"After losing his brother in combat, soldier Jacob Singer returns home from Afghanistan — only to be pulled into a mind-twisting state of paranoia. Singer soon realizes that his sibling is alive but life is not what it seems. With his life now altered, he must figure out what is real and what is not."[3]
Guy Burnet as Hoffman, the Veteran Agency pharmacist[7]
Production
Development
In 2013, The Midnight Meat Train screenwriter Jeff Buhler was reported to be writing a script for LD Entertainment's new version of Jacob's Ladder. According to The Hollywood Reporter, "the producers are looking to make something more akin to an homage and not mimic the original. The plan is to contemporize the story with new situations and characters but still maintain a story that examines issues and poses existential questions".[8]
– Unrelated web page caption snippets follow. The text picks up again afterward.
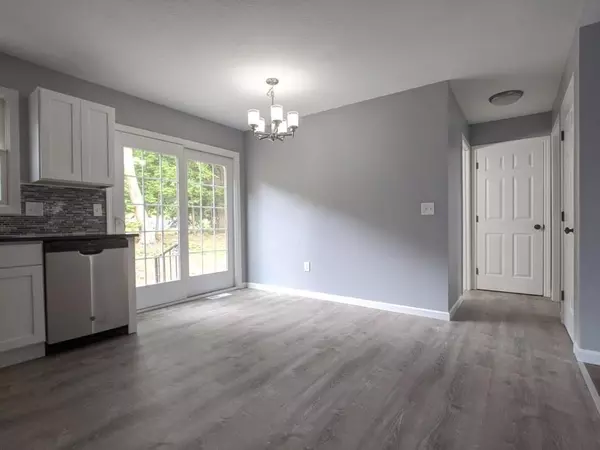 Springfield, MA 01151,25 Burke St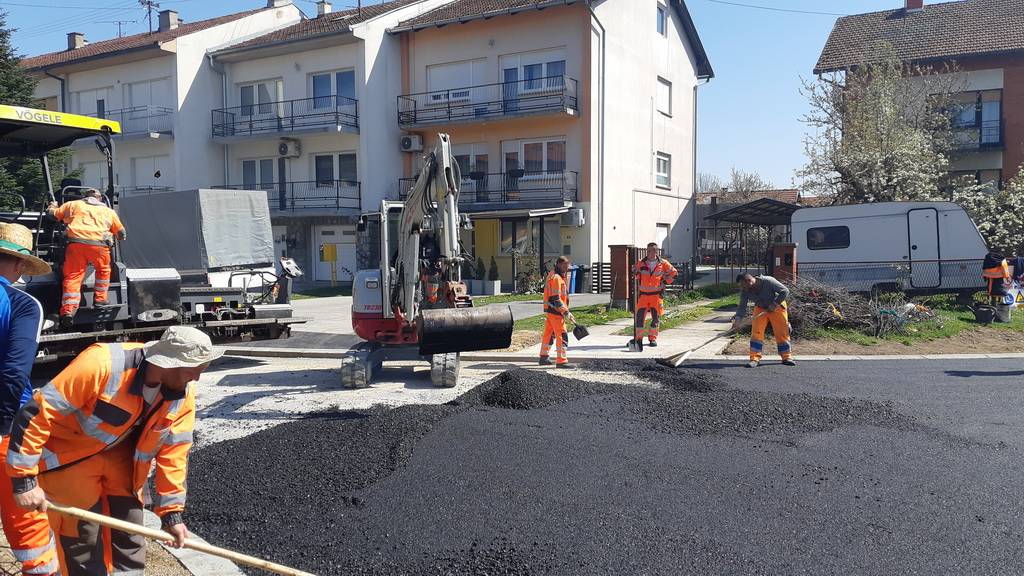 SB Online | U tijeku radovi asfaltiranja kolnika u Berislavićevoj ulici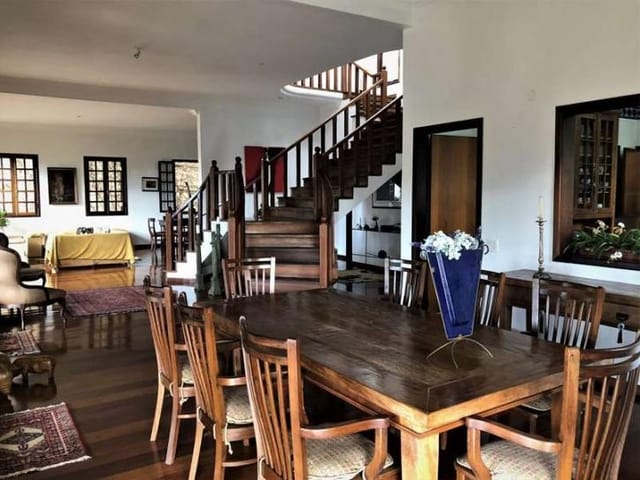 Casa com 1475m² 3 quartos e 7 banheiros, à venda, no bairro Nova Fazendinha em Carapicuíba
James Foley was attached as director in November 2013.[9] By March 2016, Foley was no longer attached to the project and was replaced by David M. Rosenthal.[10][11] Rewrites were provided by Sarah Thorp when Buhler was unavailable to return.[12]
Buhler said that since, due to two recent wars, the American "cultural understanding of the experience of warfare and what it does to people mentally" has become "a completely different place than it was" in 1990, he decided to not be "necessarily going to the same conclusion, and finding a new way to give the audience an experience that is similar in terms of impact and feeling, but that doesn't play the same tune. It was a very tricky situation in the sense that we were trying to recreate something, but honor the spirit and concept (of the original), while telling a different story".[13] Buhler promised a different twist ending than in the original 1990 film.[14]
On Rotten Tomatoes the film has an approval rating of 4% based on 24 reviews, with an average rating of 3.8/10. The site's consensus reads, "A needless remake that quickly loses sight of the themes that elevated the original, this is a Jacob's Ladder that leads straight to nowhere."[3] On Metacritic it has a weighted average score of 31 out of 100 based on reviews from eight critics, indicating "generally unfavorable reviews".[27]
John DeFore of The Hollywood Reporter wrote: "As jumbled as all this is, the film never achieves the kind of sweaty intensity of the original."[28]Owen Gleiberman of Variety said the film "plays like a half-hearted sketch of the movie it could have been."[29]RogerEbert.com's Brian Tallerico gave it 1/4 stars, saying it "has some scary faces and a tacked-on commentary about PTSD and government intervention that feels cheap and unearned. Only the commitment from the always-solid Michael Ealy saves it from being one of the worst movies of the year, although just barely."[30] Noel Murray of the Los Angeles Times wrote that the film was "less strange and scary, and more mindlessly action-packed. It doesn't feel like a dream. It's more like hearing a stranger describe a dream."[31]